Thank you for the kind help.
The input is each line of one hot encoded DNA sequence, the size of tensor is torch.Size([7393, 4200, 4]), which means I have 7393 lines of 4200 DNA bases which is encoded as [0, 0, 0,1] for example. 7 or 8 is changed with the change of batch size as 7 and 8, I have some trouble in understanding its correlation.
And also, is it possible to remove the batchnorm layer if the regression performance is okay?

Based on this description your input shape and model architecture are wrong.
By default nn.Conv2d expects a 4-dimensional tensor in the shape [batch_size, channels, height, width]. In recent PyTorch version the batch dimension might be missing and PyTorch will then treat the input as a single sample.
I have to admit that I’m not a huge fan of this behavior and prefer the explicit requirements regarding the shape etc. as this could yield confusing error messages and debugging as your use case shows.

Now look at this code snippet:

# setup
conv = nn.Conv2d(in_channels=8, out_channels=32, kernel_size=1, stride=2)

# standard approach
x = torch.randn(1, 8, 24, 24)
out = conv(x) # works

# missing batch dimension
x = torch.randn(8, 24, 24)
out = conv(x) # works
# torch.Size([32, 12, 12])

x = torch.randn(7, 24, 24)
out = conv(x) # fails
# RuntimeError: Given groups=1, weight of size [32, 8, 1, 1], expected input[1, 7, 24, 24] to have 8 channels, but got 7 channels instead

Based on your description I guess you are also passing a 3-dimensional input tensor to the model with a shape of 7 or 8 in dim0.
In this case this shape will be interpreted as the channel dimension not the batch dimension and will thus yield the error.

If you want to use 7/8 as the batch dimension, the in_channels of the first conv layer has to be changed as it specifies the input channels not the batch size.

Could you describe the input shape in more detail, i.e. how many dimensions and which shapes are used?

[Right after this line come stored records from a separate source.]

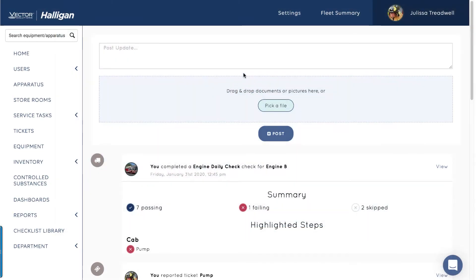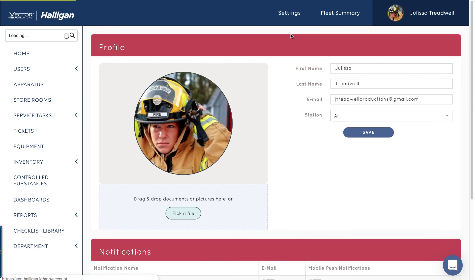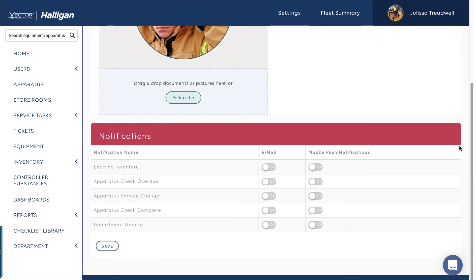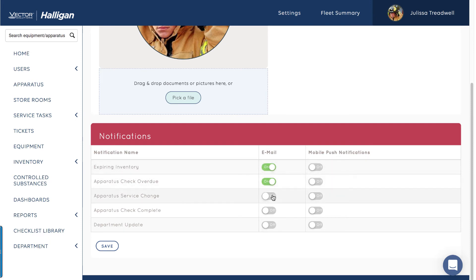To begin, click Settings in the top navigation toolbar and select Account. Use the toggles to select which actions will trigger an email or mobile push notification. Be sure to click Save for the changes to take effect.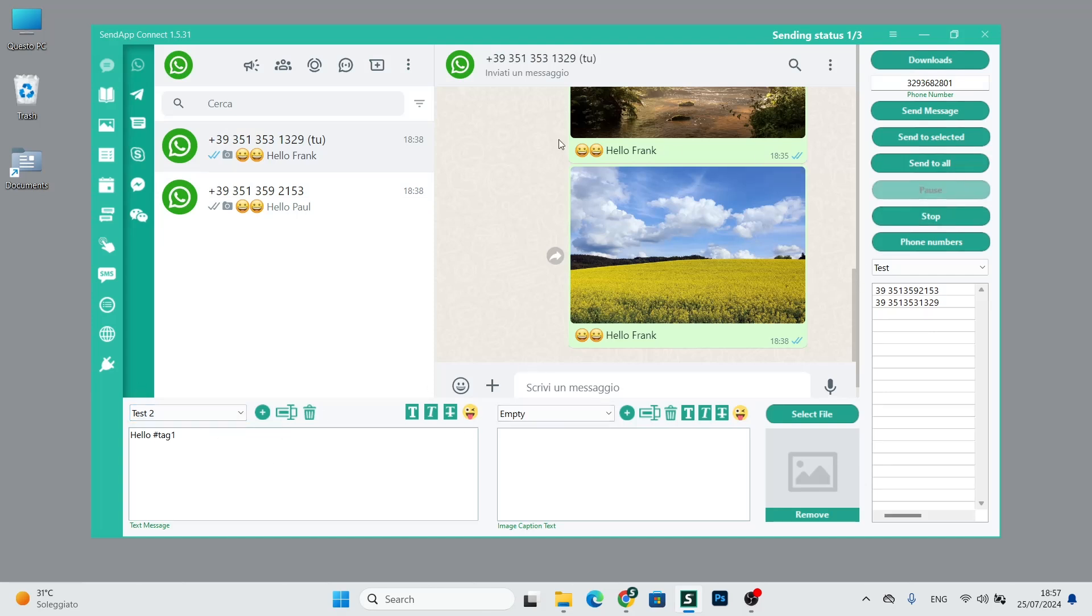We can only use it with send to all, because with send to select and send message, the phone number would appear. However, with a correctly structured address book with tags related to the numbers, it can be done.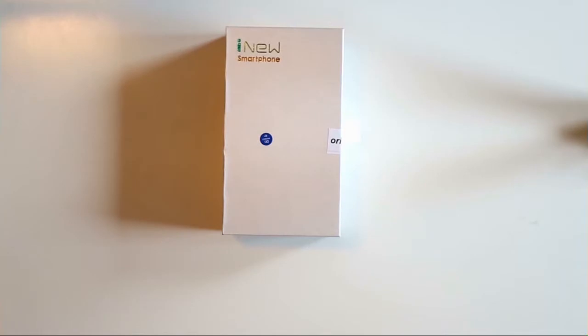Hi and welcome to the unboxing of my iNU V3 Plus. I just received this phone from NT Live Shop and you can find the link in the video description.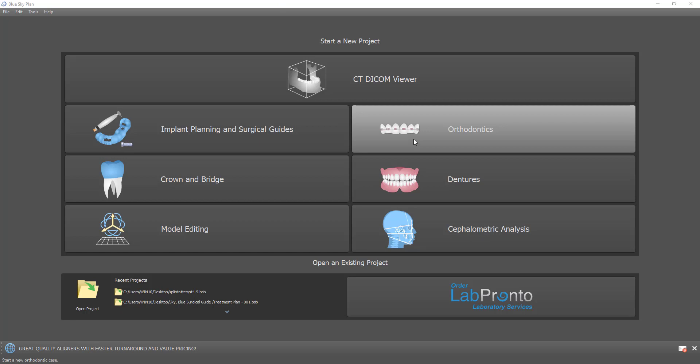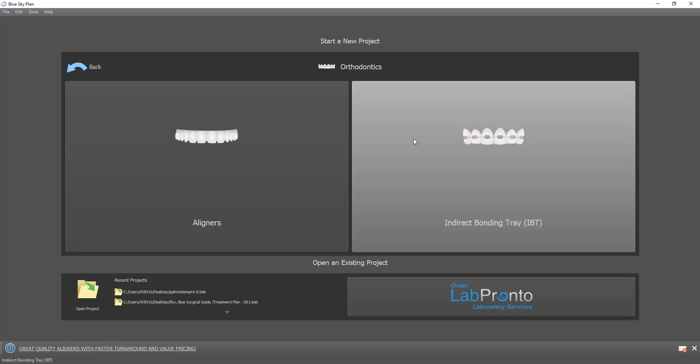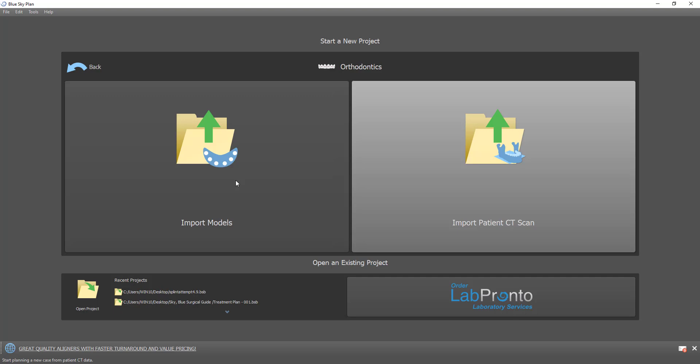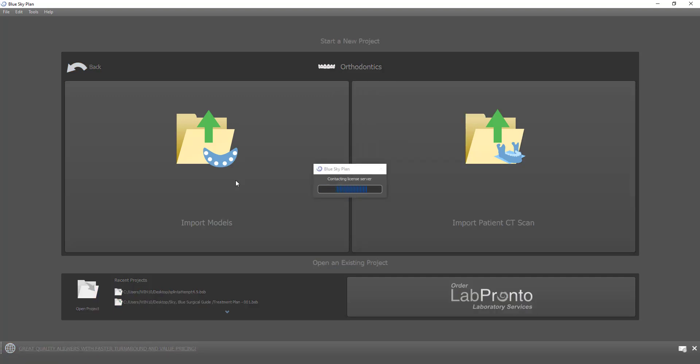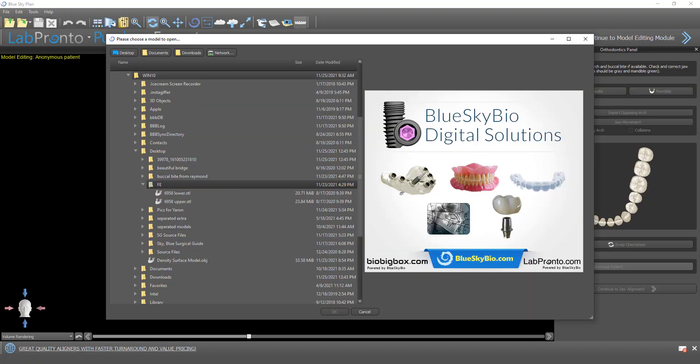I'll demonstrate the process with orthodontics as I think that's probably where it has the most important significance, and then I'll show another module as well. I'll run through the process very quickly, not to teach it, just to demonstrate how we get to the video export stage.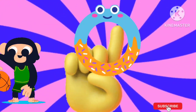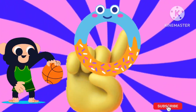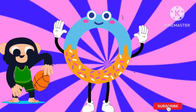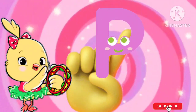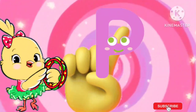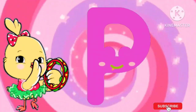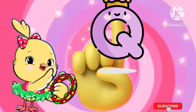Oh finger, oh finger, where are you? Here I am, here I am, how do you do? P finger, P finger, where are you? Here I am, here I am, how do you do?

Thank you for the informative demo.
The input of model in my case is a sheet containing gene id, 4 DNA features and labels. Each DNA feature has different length, for example, 3000, 300, 300, and 600 bases, and each base has been transformed to one hot encoding, such as [0, 0, 0, 1], [0,0,1,0], [0,1,0,0] and [1, 0, 0, 0], all features are concatenated and transform to tensors after the one hot transformation. I have 7393 genes, so the shape of input may be (7393, 4200, 4). And the batch size is 8.